LITTLE Review: BIG This Definitely Isn’t

In recent years, there has been a growing cultural awareness of the extent to which the film industry is by and large dominated by men both in front of and behind the camera. To put a spotlight on women working in film, I am participating in the 52 Films By Women challenge. The requirements: watch at least one (1) new-to-you film per week that has been directed by a woman. As I make my way through the year, I will be reviewing each film I see as part of the challenge here.
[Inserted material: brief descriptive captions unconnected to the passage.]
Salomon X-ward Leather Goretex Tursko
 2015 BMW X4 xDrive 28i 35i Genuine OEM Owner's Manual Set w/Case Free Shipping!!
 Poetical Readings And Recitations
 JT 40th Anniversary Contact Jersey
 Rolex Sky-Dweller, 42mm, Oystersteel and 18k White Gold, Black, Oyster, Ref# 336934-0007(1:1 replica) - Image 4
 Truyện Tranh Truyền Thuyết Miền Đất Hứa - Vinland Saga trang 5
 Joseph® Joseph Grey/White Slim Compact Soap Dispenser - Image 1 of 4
52 Films By Women Entry #: 8


Little poster.jpg

There’s a fairly common saying - if you want to be generous in not calling it outright fantasy - that the smart people who get bullied as kids will one day grow up to become the bosses of the world. It is this empowering, and maybe a little bit vindictive, fantasy that is spoken into the ears of young Jordan Sanders (Marsai Martin) by her father at the age of thirteen. Having just been helplessly embarrassed by a bully at a school talent show, Jordan finds this appealing in the extreme.

It is that twisted little life lesson that must be unlearned via a staple of the family comedy toolkit: cosmic body-swapping hijinks. Years later, the grown Jordan (Regina Hall) now lives a lavish lifestyle running her own software firm, achievements gained through aggressively bullying and berating everyone around her. The key recipient of this abuse happens to be her put-upon assistant April (Issa Rae), who has had the confidence to so much as present her own ideas for projects proverbially beaten out of her by her domineering boss.

A chance encounter with a young girl with a wand and the naiveté to stand up to her leave Jordan miraculously waking up in the body of her younger self. She quickly finds that her usual behavior won’t be tolerated coming from a thirteen-year-old, most certainly not from April, who discovers her boss’ unfortunate predicament. A contrivance involving an agent from child protective services, made workable purely on the strength of how straight SNL alum Rachel Dratch plays her cameo, sends Jordan back to middle school as April has to cover for her at work.

Operating as a reversed-Big scenario, Little’s sensibilities lie much closer to kid- and family-friendly forced-positivity in tone than the big-hearted whimsy of that Tom Hanks classic. The jokes and scenarios play out mostly as expected, hinging on the strange ways Jordan’s adult life crashes in on her return to adolescence. One joke that lands particularly well, thanks in no small part to Marsai Martin’s comedic chops, involves Jordan constantly forgetting her appearance in visibly thirsting after her dreamy teacher. But the story continues with the familiar beats of finding herself an outcast and forced to join up with a group of young misfits, eventually learning that embarrassment happens and the very behavior that has protected her all these years only makes things worse for herself in the area of emotional connection. The script, co-written by director Tina Gordon from a concept developed by Martin herself, expresses these themes with trite, heavy-handed earnestness that serves more to move the plot along and state the message outright than to hang jokes on, and doesn’t particularly serve it’s actors well.


Director:
Tina Gordon

Starring:
Regina Hall
Issa Rae
Marsai Martin

Screenplay by
Tina Gordon and
Tracy Oliver

In her first lead role outside of her acclaimed HBO show, Issa Rae carries most of the parts of the film that work, her performance fluent in hilariously ironic understatement. Rae gets her own lesson to work through, pushing her confidence to its limits in running the company in Jordan’s absence. The ticking clock of the film comes in the form of a client on the verge of bailing, which forces April to pitch her own ideas and present an assertive front to step into a more prominent leadership role.

Regina Hall takes a big old bite out of her limited screentime as the monster boss to end all monster bosses. It’s a big performance that, committed as it is, never fully takes hold as something that’s actually funny to watch. You mostly can’t wait to see her get her comeuppance, but even once it comes the film’s core conflict is so low-stakes and slight that it doesn’t seem worth the effort; her experience feels so minor and its resolution too easy that it slides off the mind’s surface. The glossy overlit sheen and awkward blocking in many of the scenes only lend it an even greater impression of plastic disposability. Another problem: the not-so-little runtime of nearly two hours for this standard comedy fluff. Now on who do I inflict a de-aging curse to learn the value of concision and not belaboring the point?